|Woori Financial Group headquarters in central Seoul / Korea Times file|
Stock sell-off to help privatization of banking group for first time in 23 years
By Yi Whan-woo
Pan Ocean, the bulk carrier arm of Harim Group, is seeking to acquire up to a 10 percent stake in Woori Financial Group, industry sources said Thursday.
While Harim Group remained mum on the matter, its interest in Woori Financial Group is believed to be aimed at obtaining steady dividends as the U.S. Federal Reserve and central banks in other countries are set to increase their key interest rates, which is a plus factor in terms of strengthening the bottom lines of banks.
Additionally, stock market analysts say Woori Financial Group's stock is undervalued.
Harim started as a small chicken farm, rising to become a major business conglomerate via sizable acquisitions. Its cash-cow affiliate Pan Ocean attempted to acquire the country's low-cost carrier Eastar Jet earlier this year.

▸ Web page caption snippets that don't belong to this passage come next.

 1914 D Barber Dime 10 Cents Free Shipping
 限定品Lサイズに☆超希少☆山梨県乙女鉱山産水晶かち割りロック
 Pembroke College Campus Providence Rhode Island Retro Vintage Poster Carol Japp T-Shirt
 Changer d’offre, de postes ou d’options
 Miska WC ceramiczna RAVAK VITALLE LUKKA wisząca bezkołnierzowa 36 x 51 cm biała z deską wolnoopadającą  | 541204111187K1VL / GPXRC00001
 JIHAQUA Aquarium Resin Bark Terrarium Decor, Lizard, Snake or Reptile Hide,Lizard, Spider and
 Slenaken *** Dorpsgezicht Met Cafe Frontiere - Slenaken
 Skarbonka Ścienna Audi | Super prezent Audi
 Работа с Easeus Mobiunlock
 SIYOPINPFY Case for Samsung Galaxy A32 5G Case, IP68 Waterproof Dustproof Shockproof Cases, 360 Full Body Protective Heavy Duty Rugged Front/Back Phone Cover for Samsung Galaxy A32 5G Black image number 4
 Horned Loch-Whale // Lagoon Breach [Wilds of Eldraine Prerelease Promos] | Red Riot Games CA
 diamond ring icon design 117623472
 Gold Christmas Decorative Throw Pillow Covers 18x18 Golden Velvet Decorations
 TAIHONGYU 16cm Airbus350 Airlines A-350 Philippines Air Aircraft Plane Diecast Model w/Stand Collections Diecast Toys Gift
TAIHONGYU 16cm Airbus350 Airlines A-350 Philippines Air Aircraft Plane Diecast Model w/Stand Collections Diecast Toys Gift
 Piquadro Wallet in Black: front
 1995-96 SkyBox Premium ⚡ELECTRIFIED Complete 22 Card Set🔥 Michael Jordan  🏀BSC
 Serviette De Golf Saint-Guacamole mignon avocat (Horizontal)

"The banking sector is anticipated to boost profits from the increased interest rate and Woori Financial Group will not be an exception," an analyst said. "The more they buy Woori Financial Group shares, the higher the chances of potential returns."
The sources said the shipping company is among 18 interested parties, including private equity funds (PEFs) and overseas investors that applied to acquire the stake in Woori Financial Group.
|The main entrance of state-run Korea Deposit Insurance Corp. / Korea Times file|
The planned sell-off is being carried out by Korea Deposit Insurance Corp. (KDIC), a state-run institution and the largest shareholder of the banking group, under the approval of the Public Fund Oversight Committee.
The committee, comprised of private- and public-sector representatives, is tasked with outlining the guidelines for the corporate restructuring of financial institutions funded by taxpayers' money and retrieving the capital at an optimal time.
KDIC wants to liquidate a maximum 10 percent of the 15.13 percent stake it owns in Woori.
The sell-off is seen as a lucrative opportunity for investors, as KDIC wants to fully privatize the banking group by next year.
If realized, Woori Financial Group will be completely free of government ownership for the first time in 23 years, after it was created in 2001 by combining a number of Korean banks that had become insolvent during the 1997-98 financial crisis.
Back then, the government injected 12.7 trillion won ($10.6 billion) into the ailing lenders.
The KDIC did not reveal more about the 18 applicants, citing privacy reasons.
When asked about the benefits the successful applicant could expect, a KDIC official said, "a much-anticipated surge in Woori Financial Group stock prices."
"The sell-off of its 10 percent stake means KDIC will lose its rights as a non-executive director and this is expected to result in a rise in the stock price," the official said on condition of anonymity.
The official noted that the government retrieved 89.6 percent of the state capital injected into the banking group, including a two percent stake that was sold in April through block sales and open bidding.
The KDIC also plans to liquidate the last remaining 5.13 percent stake at "the nearest possible date."
Whoever purchases the entire 10 percent stake in Woori Financial Group will emerge as its biggest shareholder, ahead of the National Pension Service with 9.8 percent.